INPUT DATA

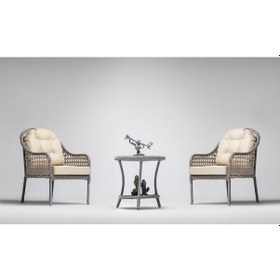 Resim Zen Çay Seti Bahçe ve Balkon Mobilyası Takımı (1+1+Sehpa) Krem 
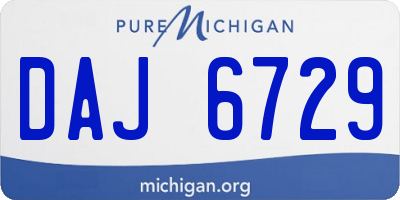 MI license plate DAJ6729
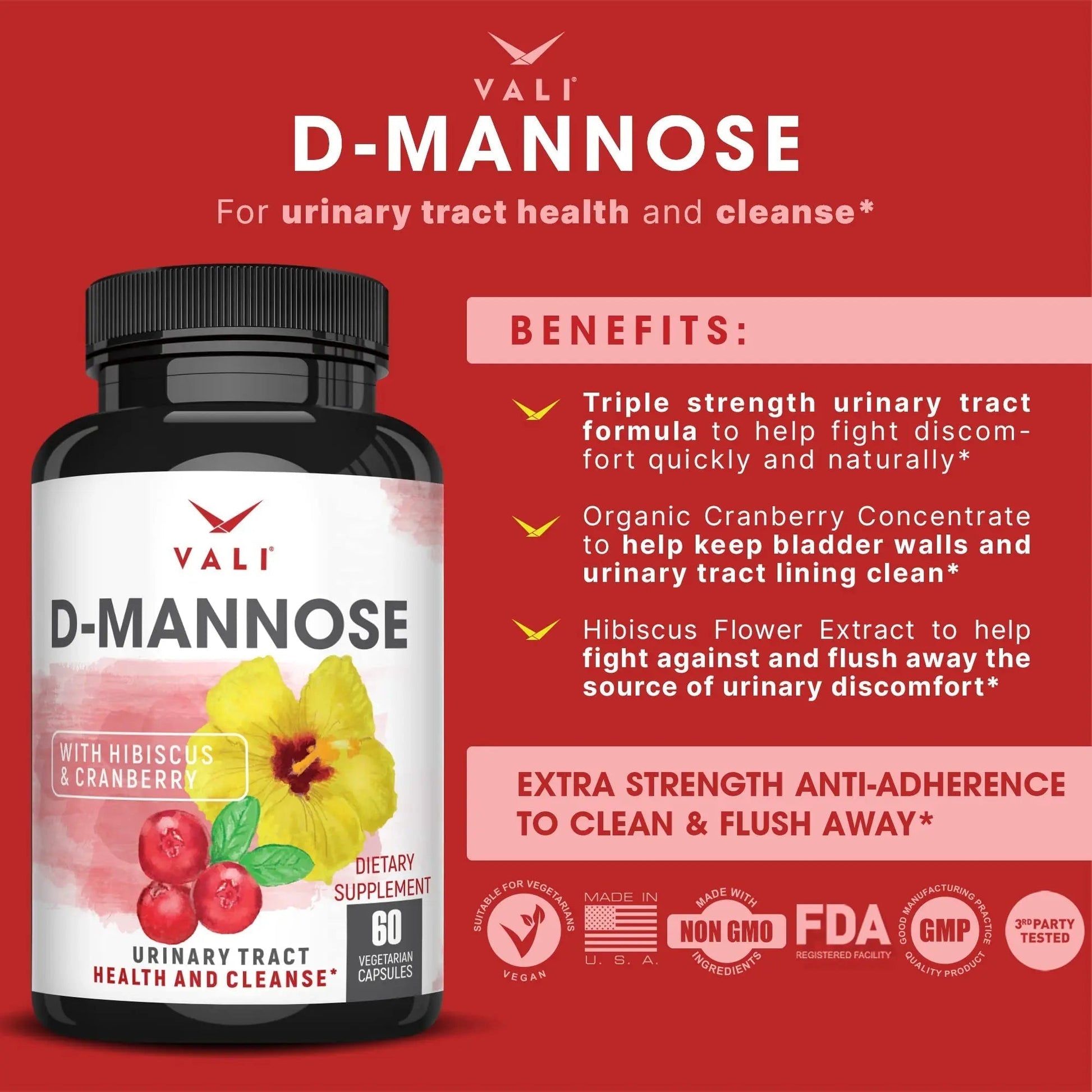 VALI D-Mannose 1000mg Urinary Tract Health Formula. Organic Cranberry Fruit Powder & Hibiscus. Healthy Bladder, Natural Cleanse, Fast Detox Flush, Herbal UT Function Support Pills. 60 Veggie Capsules VALI buy supplements canada
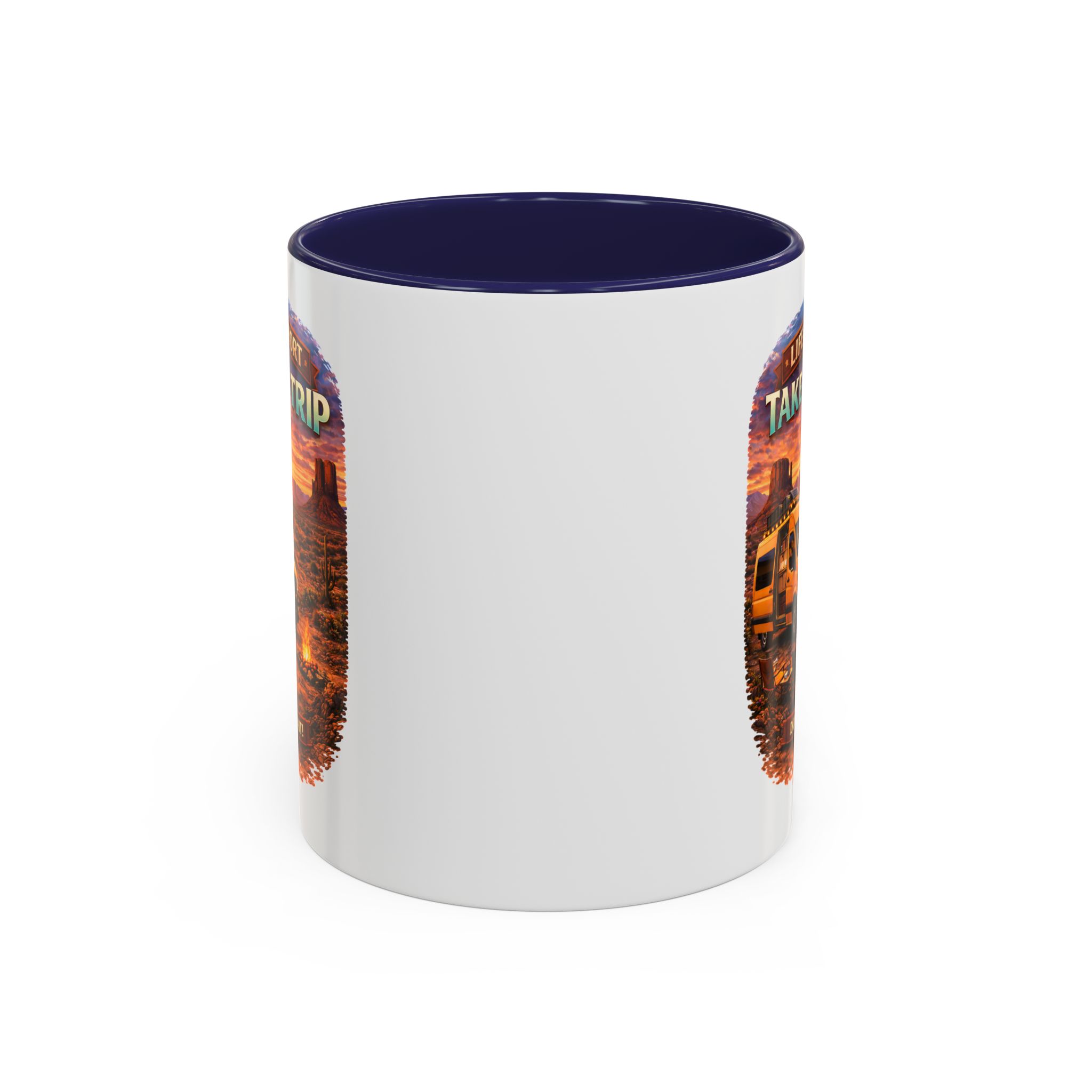 Accent Coffee Mug (11, 15oz) — "Live Is Short Take The Trip" Design Scenic-Line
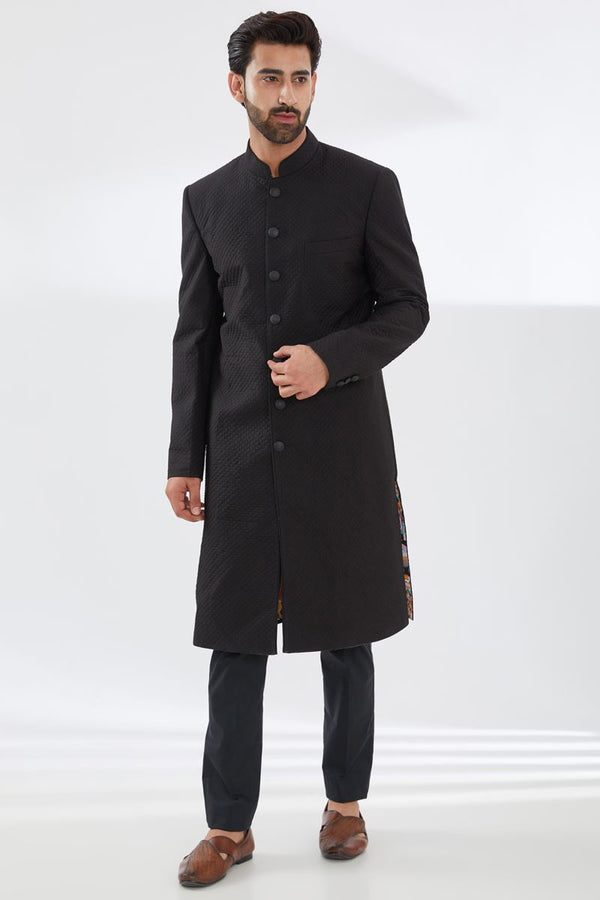 BLACK QUILTED SHERWANI SET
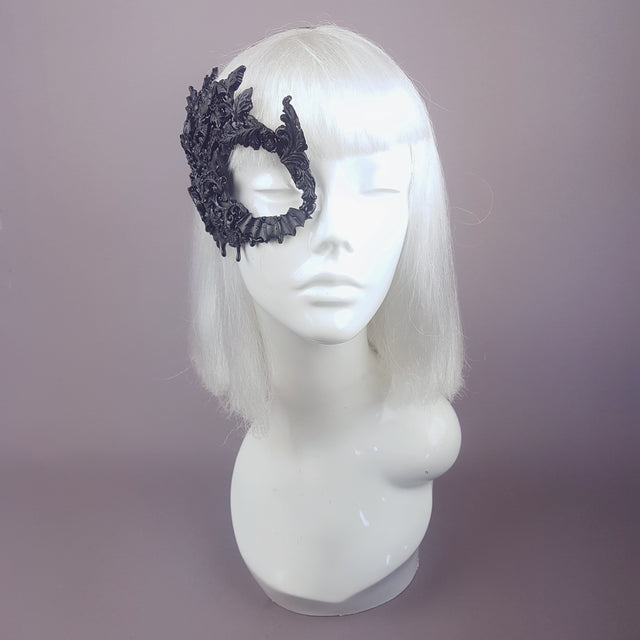 "Fallen" Black Filigree Baroque Gothic Mask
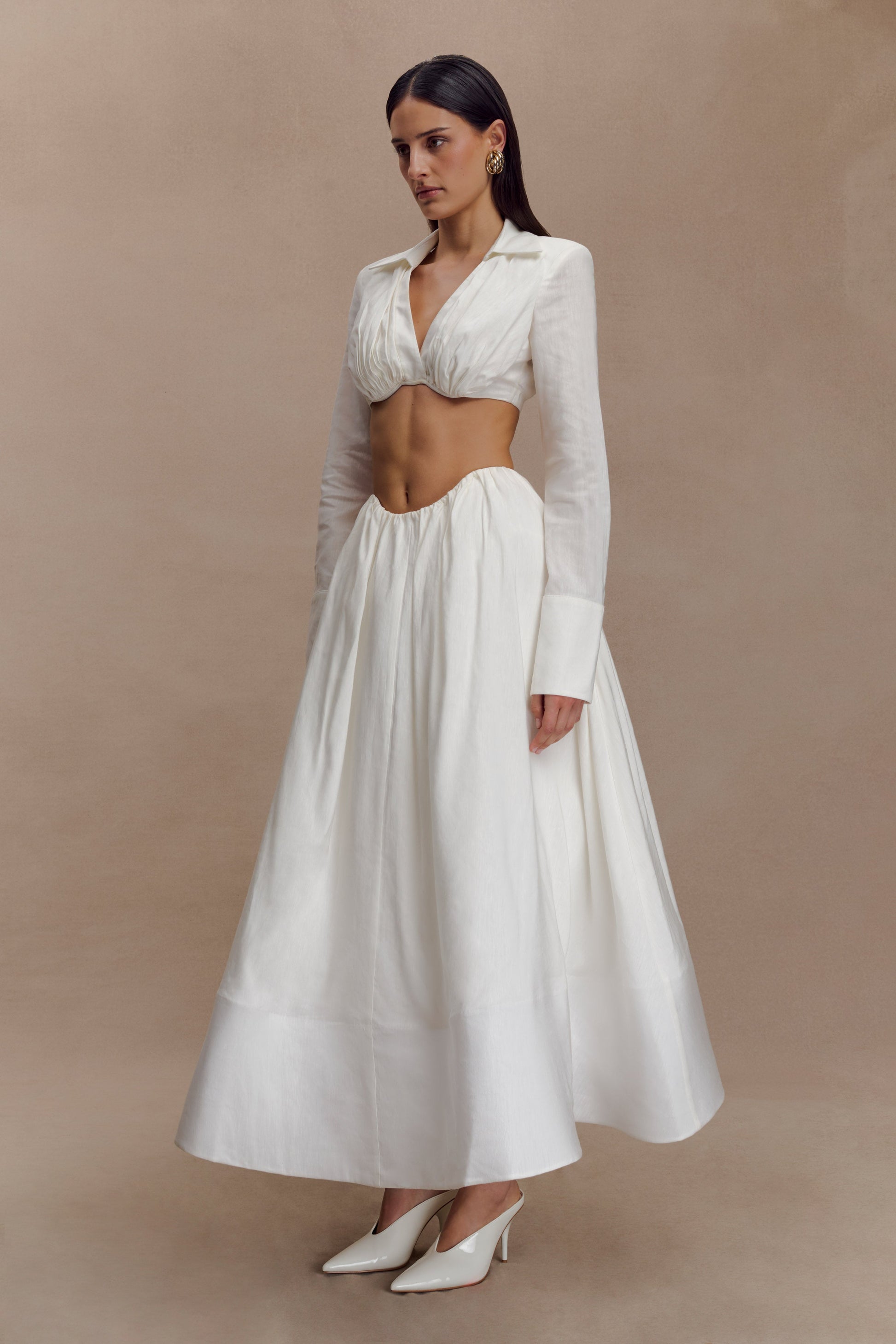 Greta Gathered Maxi Skirt - White #5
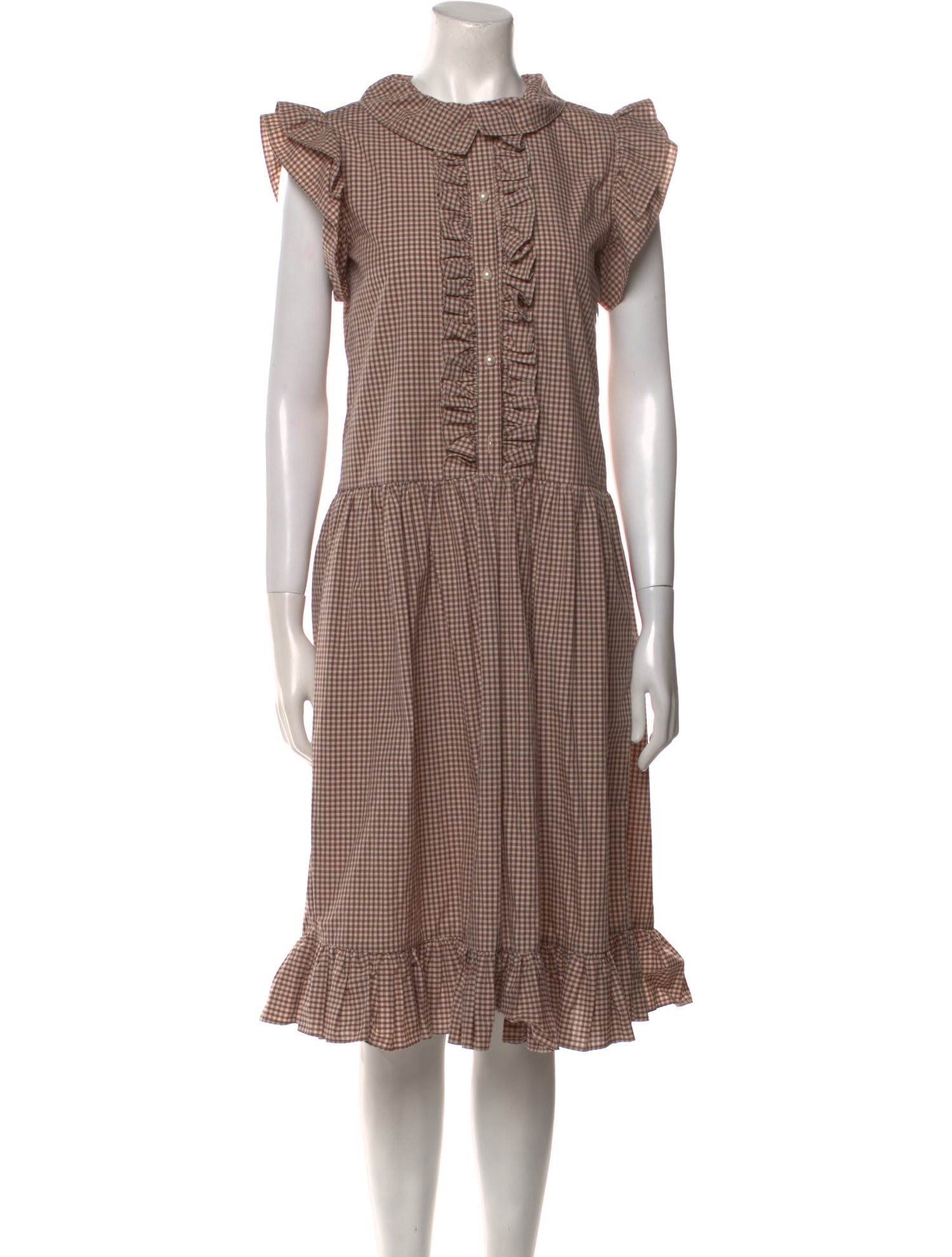 Batsheva Plaid Print Midi Length Dress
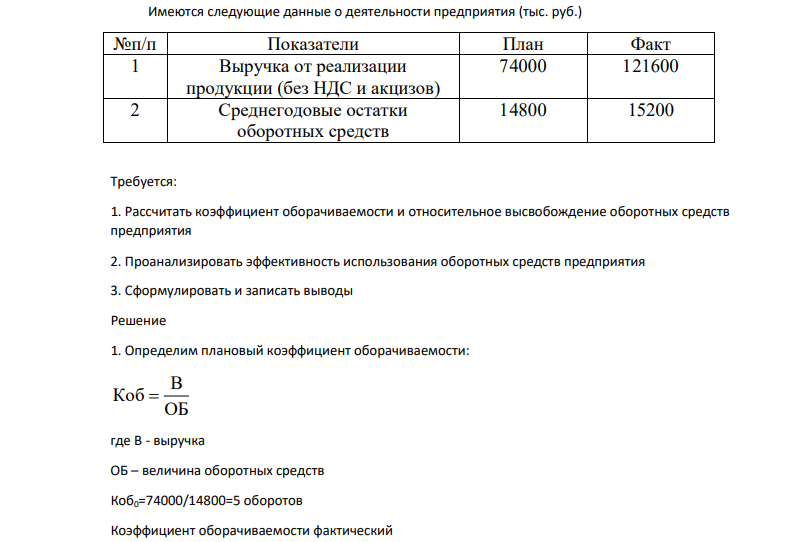 Имеются следующие данные о деятельности предприятия (тыс. руб.) №п/п Показатели План Факт 1 Выручка от реализации продукции (без НДС и акцизов) 74000 121600 2 Среднегодовые остатки оборотных средств 14800 15200 Требуется: 1. Рассчитать коэффициент оборачиваемости и относительное высвобождение оборотных средств предприятия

TASK ITEM
Reproduce exactly and only the lines from the "BLACK QUILTED SHERWANI SET" line to the last line of the records above. Do not carry over any pictures.

ANSWER FOR THIS EXERCISE
 BLACK QUILTED SHERWANI SET
 "Fallen" Black Filigree Baroque Gothic Mask
 Greta Gathered Maxi Skirt - White #5
 Batsheva Plaid Print Midi Length Dress
 Имеются следующие данные о деятельности предприятия (тыс. руб.) №п/п Показатели План Факт 1 Выручка от реализации продукции (без НДС и акцизов) 74000 121600 2 Среднегодовые остатки оборотных средств 14800 15200 Требуется: 1. Рассчитать коэффициент оборачиваемости и относительное высвобождение оборотных средств предприятия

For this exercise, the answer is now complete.